Using a tripod in public places in Paris
What the French law says
It is difficult to find anything related to the quite particular issue of using a potentially dangerous item as a tripod in a public area or on the street. There is one article of the Code de la Route (regulations related to driving) that is supposed to be applicable in this case.
It (more or less) says:
Article L. 7. Whoever has set up a device blocking the circulation of vehicles in a zone opened to the public or has used another means to block it can be punished by up to 2 years of prison or a fine of up to 6000 Euros.
Looking at it more closely, this article seems to be designed to prevent people from setting up barricades or other means of blocking road trafic and will probably not be usable against you and your tripod unless you put it in the middle of a street!

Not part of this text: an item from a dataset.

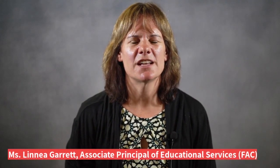Greetings Raptor families. My name is Linnea Garrett and I am the Associate Principal of Educational Services at the Fine Arts and Communications campus.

I could not find anything more relevant than this article.
Mayors have the right to set up special regulations that are only applicable locally, but supersede national laws. It is the case in Paris where shootings in the street are regulated. You need an authorization, but only in some particular cases, especially if:
- you use a crew of more than 10 persons
- you need to block a street to car or pedestrian trafic
- you use a military or police vehicle during the shooting
- you use heavy gear (typically more than one camera on tripod, )
As you may have guessed, the above rules apply mostly to the shooting of movies and the individual photographer is not to be worried by them.
Here is the link to the text I have found: filming in Paris
An example: shooting inside the Louvre courtyard
Even though I have never been bothered when taking photos there, I have heard reports of security guards preventing persons from using tripods in the Louvre museum courtyards.
I searched the Louve official website and found this document that lists the updated museum regulations. It states that:
- taking photos inside the Louvre is forbidden in some areas. This could be gradually extended to the whole museum
- professional photographers should ask for a permit to shoot inside the Louvre
But it says nothing about tripods being forbidden in the courtyard. A previous regulation was forbidding to use a tripod inside the museum, but did not say anything about its use outside the buildings.
Setting up a tripod in an area where a lot of people walk around, sometimes without paying attention can be hazardous (including for your camera). I generally try to avoid crowded places, which is easy, except during warm summer nights in areas like the Pont des Arts or Notre Dame.
If I need to setup my tripod in such an area, I stand with my legs around one of the tripod legs, in order to protect it and keep people from getting too close. This way, I have never had a problem.
If you do not want to use a tripod, but still want to take night shots of Paris, an alternative is the use of a mini-tripod (or table tripod). It would be easier to carry anyway and you can put it on bridges and other areas to use long exposures, provided you make sure your camera is not too heavy for it.